## Aim of the task
Everything in the entries except the pictures must be repeated exactly.

## Exercise inputs
Content starts

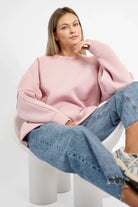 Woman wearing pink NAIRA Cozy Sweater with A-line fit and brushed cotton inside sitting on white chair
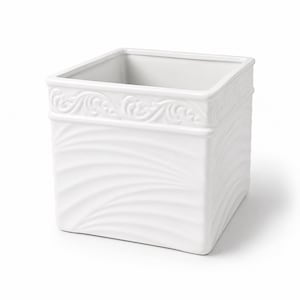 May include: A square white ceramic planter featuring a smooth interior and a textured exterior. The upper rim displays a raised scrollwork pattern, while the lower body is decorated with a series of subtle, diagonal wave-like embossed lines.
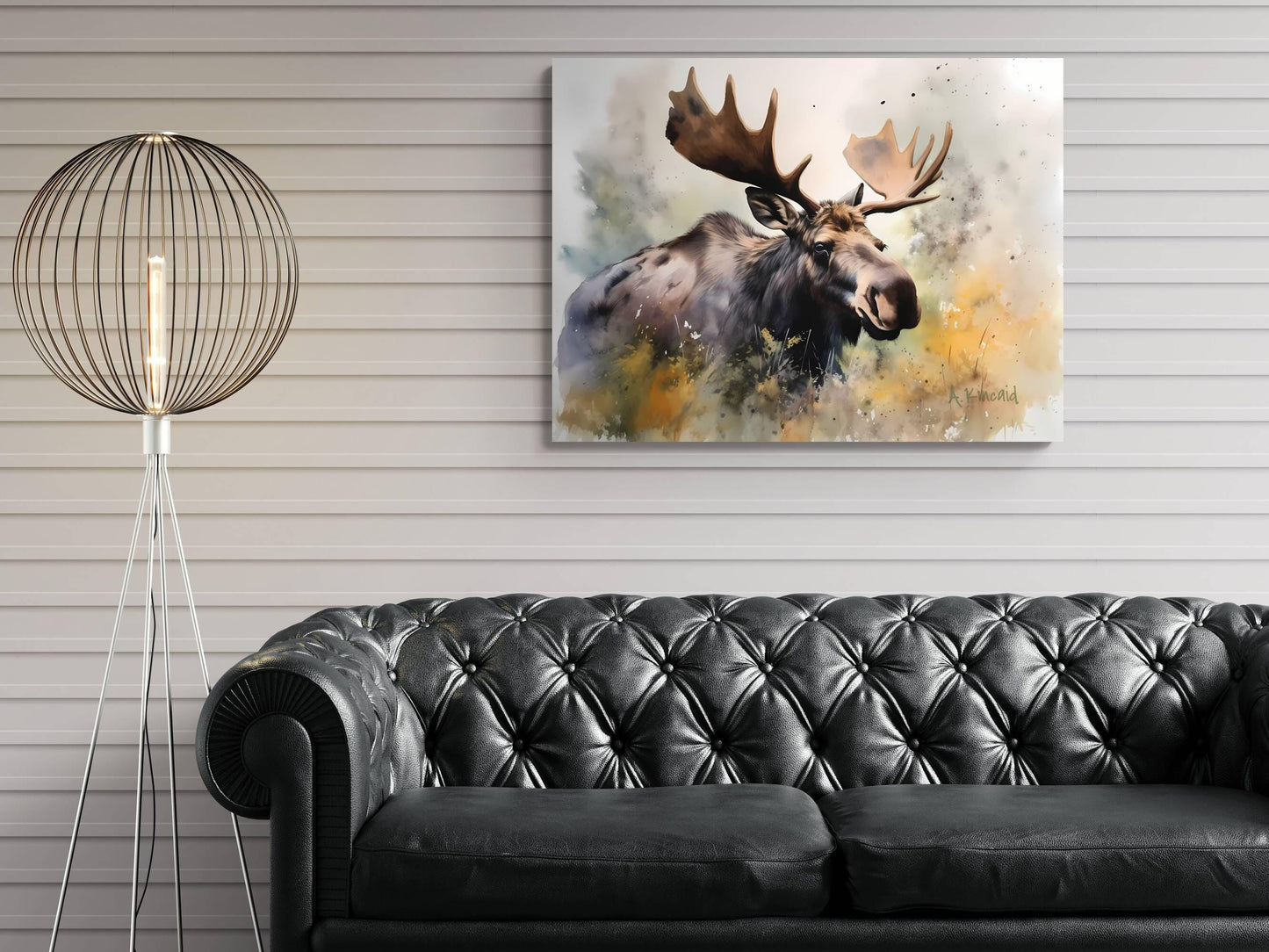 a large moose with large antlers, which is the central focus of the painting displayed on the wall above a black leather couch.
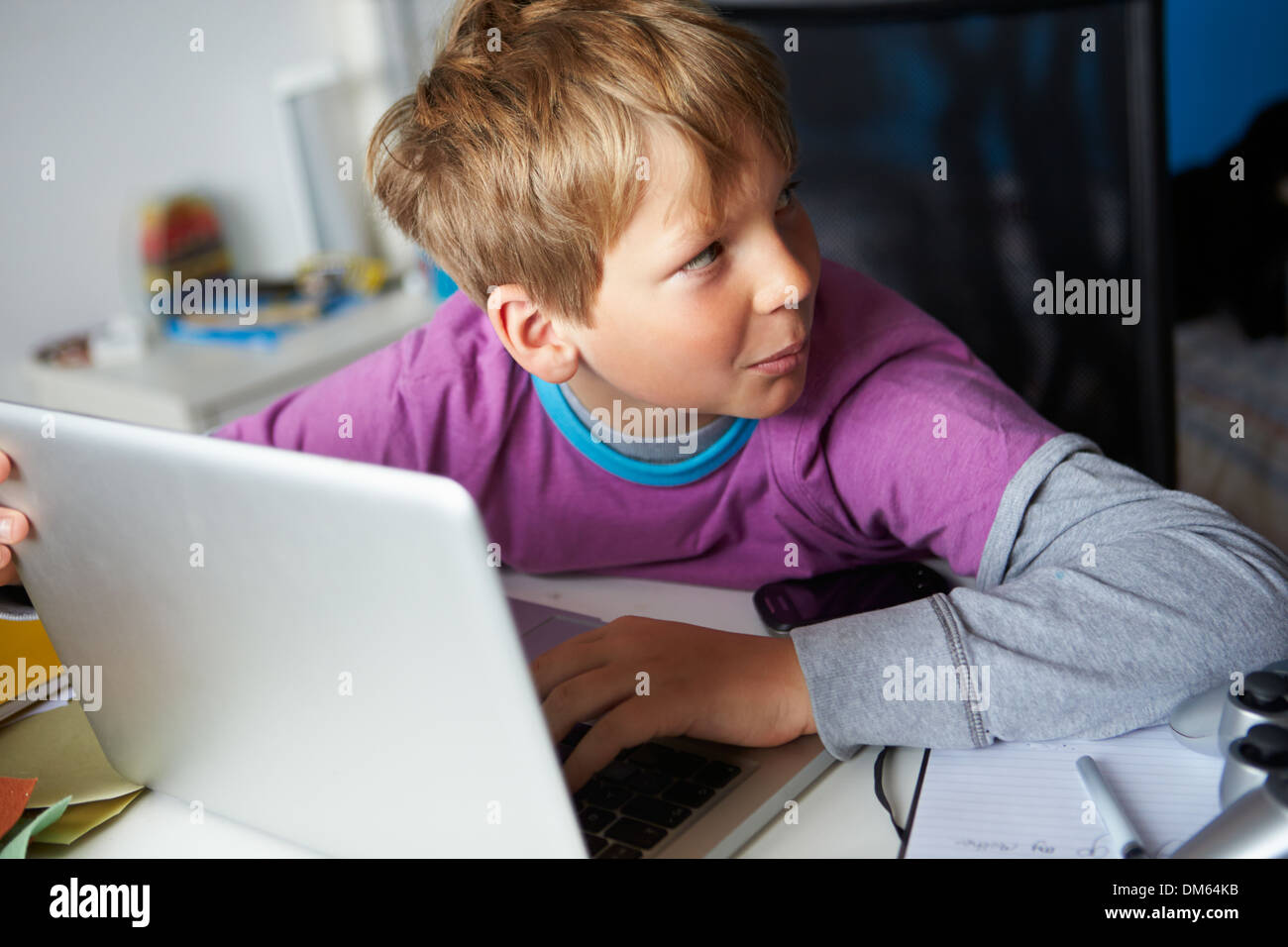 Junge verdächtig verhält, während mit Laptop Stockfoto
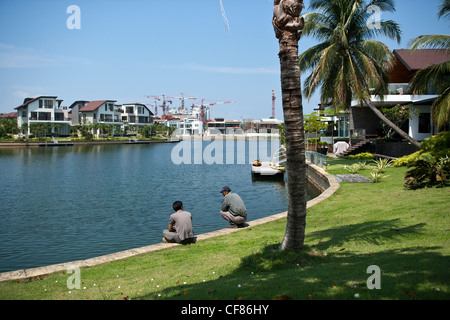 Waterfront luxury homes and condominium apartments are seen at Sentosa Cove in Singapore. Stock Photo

Content ends

## Expected output
 Woman wearing pink NAIRA Cozy Sweater with A-line fit and brushed cotton inside sitting on white chair
 May include: A square white ceramic planter featuring a smooth interior and a textured exterior. The upper rim displays a raised scrollwork pattern, while the lower body is decorated with a series of subtle, diagonal wave-like embossed lines.
 a large moose with large antlers, which is the central focus of the painting displayed on the wall above a black leather couch.
 Junge verdächtig verhält, während mit Laptop Stockfoto
 Waterfront luxury homes and condominium apartments are seen at Sentosa Cove in Singapore. Stock Photo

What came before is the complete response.